Bir müşterinin sadık müşteri haline gelmesi için, öncelikle ilk satın alma sonrası rasyonel beklentinin karşılanması gerekiyor. Bumemnuniyet oluşturuyor, eğer kişi olumlu bir deneyim yaşıyorsa, yeniden satın almaya karar veriyor. Yaşanan olumlu deneyim kişinin duygularına hitap ettiğinde de sadakat gerçekleşiyor. Bunun takiben kişinin yaşadığı bu tutarlı, bilinçli, farklı ve değerli deneyimi, kısaca markalı deneyimi (Shaun Smith’in “branded customer experience” olarak ifade ettiği) paylaşma isteği, markanın tavsiye edilmesine imkan veriyor.
Peki, tüketicinin müşteri haline gelmesi, o ilk satın almayı sağlamak için pazarlamacılar neler yapmalı? Elbette, yüzlerce kanaldan tonlarca mesaj veriliyor, reklamlar yayınlanıyor, e-postalar gönderilerek markalar sürekli hatırlatılıyor. Ama acaba, bu tür bir pazarlama sadece markanın hatırlanmasını mı sağlıyor yoksa satın alma sürecine kadar işe yarıyor mu?

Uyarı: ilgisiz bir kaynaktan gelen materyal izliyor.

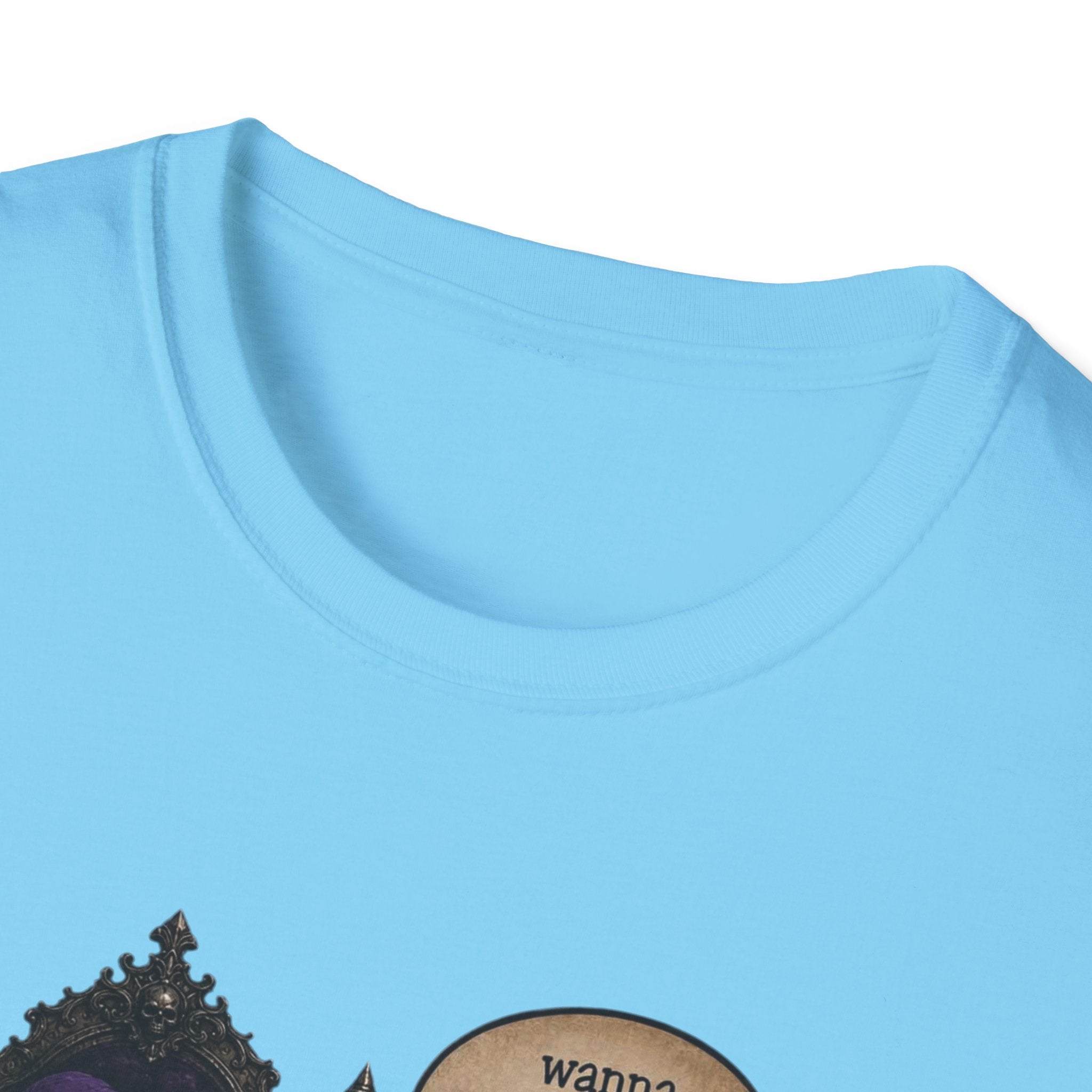 Jester Throne T-Shirt — “Wicked and a Smart Ass” Dark Gothic Graphic Tee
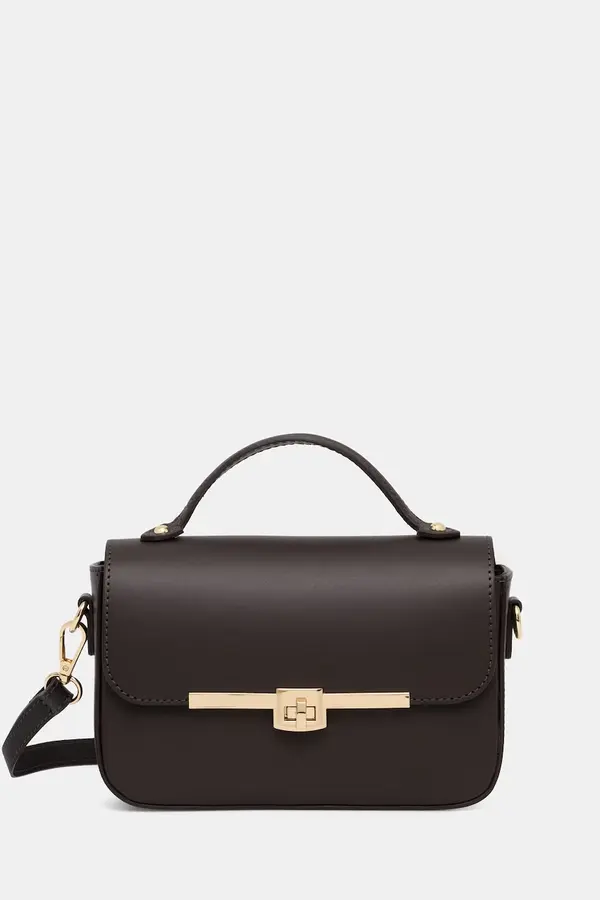Answear.LAB Answear.LAB crossbody torbica ženska usnjena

Çoğu zaman yaşanan şu, tüketici bir ürün ya da hizmet almaya karar verdiğinde, onu hangi markalardan alabileceğine ilişkin kafasında bir liste hazırlıyor. İşte, bu noktada marka kendini ona hatırlatırsa, o marka listesine girebiliyor. Aslında çoğu pazarlamacı, işin sadece bu listeye girmek olduğunu düşündüğü noktada yanılıyor; çünkü, asıl çaba listedeki diğer markalarla mücadele ebebilmek ve listeden zaferle çıkabilmek. Bunun için pazarlamacı, satın alma sürecinin tamamında, aslında en önemli anlarındatüketici ulaşmalıdır.
Bununla birlikte, çalışmalar gösteriyor ki, marka listeye giremediyse de iş bitmiyor, tüketici markalar listesini değerlendirmeye başladığında da başta aklında hiç olmayan bir markayı satın almayı düşünebiliyor. McKinsey Danışmanlık’ın 2008 yılında Amerika’da yaptığı bir araştırmaya göre, tüketiciler min. 1 markayı daha sonradan değerlendirmeye alabiliyor. Örneğin araştırmada görüyoruz ki, otomotiv için başta yaklaşık 4 markadan oluşan listeye sonraki aşamada 2, sigortada 3 markalık listeye sonradan 1 marka eklenebiliyor.
Peki, hangi aktiviteler markamızın ilk listeye girmesini, hangileri değerlendirmeye alınmasını, hangileri satın almayı sağlıyor? McKinsey’in yine aynı çalışmasında ortaya çıkardığı rakamlar oldukça çarpıcı. Markanın listeye girmesinde en etkili olan, şirket tarafından yönetilen pazarlama faaliyetleri olarak ifade edebileceğimiz reklam, sponsorluk, doğrudan pazarlama, mağaza/dükkan/şube içi deneyim vb. çalışmalar. Bu çalışmaları, geçmiş deneyim ve çevreden duyulanlar, Internet üzerinden öğrenilen kişisel deneyimler gibi tüketici tarafından yönetilen pazarlama faaliyetleri olarak ifade edebileceğimiz konular takip ediyor.
Değerlendirme aşamasında ise en çok tüketici tarafından yönetilen pazarlama faaliyetleri etkili oluyor. Onu şirket faaliyetleri ile mağaza/dükkan/şube içindeki müşteri temsilcisinin iletişimi takip ediyor. Satın alma aşamasında ise, müşteri temsilcisinin çabaları en etkili faktör olmakla birlikte, ona yakın bir oranda tüketicinin kendi faaliyetleri de etkili olmaya devam ediyor. Şirket faaliyetlerinin katkısı ise oldukça azalıyor.
Bu durumda pazarlamacılara kalan, hangi aşamada hangi faaliyetleri uygulamaya alacağına karar vermesi ve özellikle de ağızdan ağıza pazarlama yönetimi ile tüketicinin kendisi tarafından yönetilen gibi gözüken aktiviteleri yönetmesi gibi görünüyor.